*** Opening of Entries shown ***

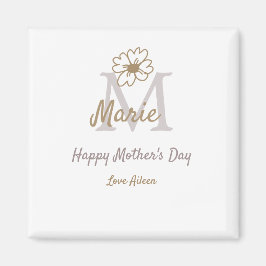 Aimant simple minimal mother's day monogram golden gray f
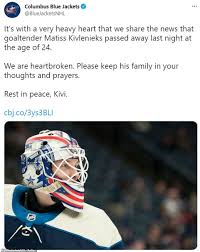 Columbus blue jackets goaltender matiss kivlenieks 'died a hero' during a tragic fireworks mishap on july 4 by saving the lives of teammate elvis merzlikins and his pregnant wife, it was revealed. Columbus Blue Jackets Goalie Matiss Kivlenieks 24 Killed By Firework At Home Of Coach Manny Legace Daily Mail Online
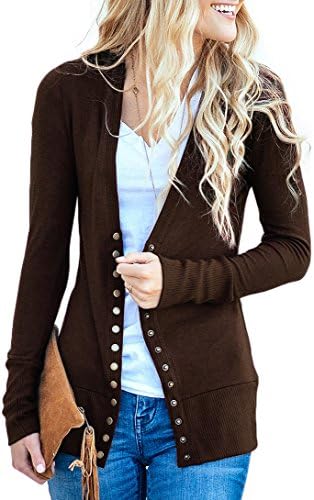 Women's V-Neck Button Down Knitwear Long Sleeve Soft Basic Knit Cardigan Sweater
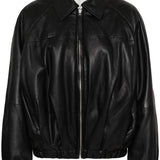 MWLuba Leather Puff Jacket - Black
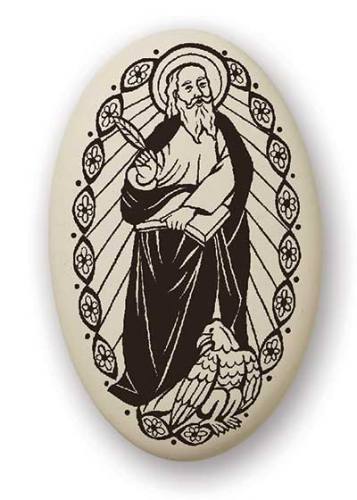 Saint Medal St. John Evangelist 1.5 inch Porcelain Pendant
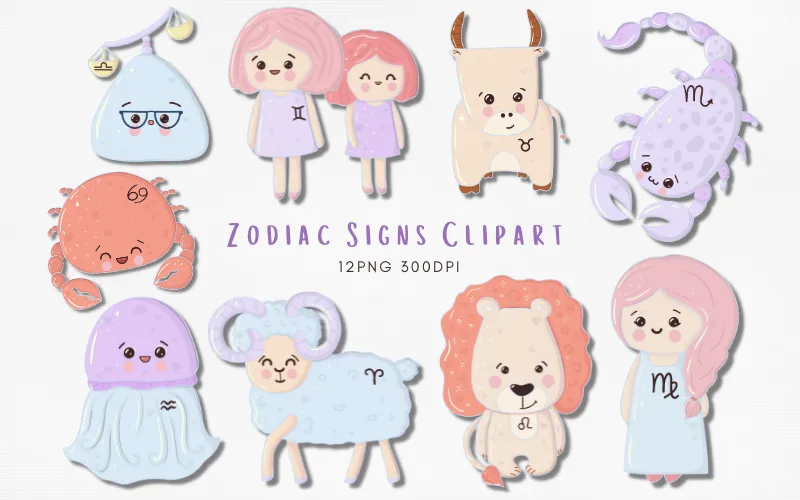 Preview of cute Zodiac signs clipart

*** Close of Entries shown ***

Exercise aim: The copy must begin at the line containing "Women's V-Neck Button" and end at the last line of the data above, with every line retyped exactly and no pictures included.

Your solution:
 Women's V-Neck Button Down Knitwear Long Sleeve Soft Basic Knit Cardigan Sweater
 MWLuba Leather Puff Jacket - Black
 Saint Medal St. John Evangelist 1.5 inch Porcelain Pendant
 Preview of cute Zodiac signs clipart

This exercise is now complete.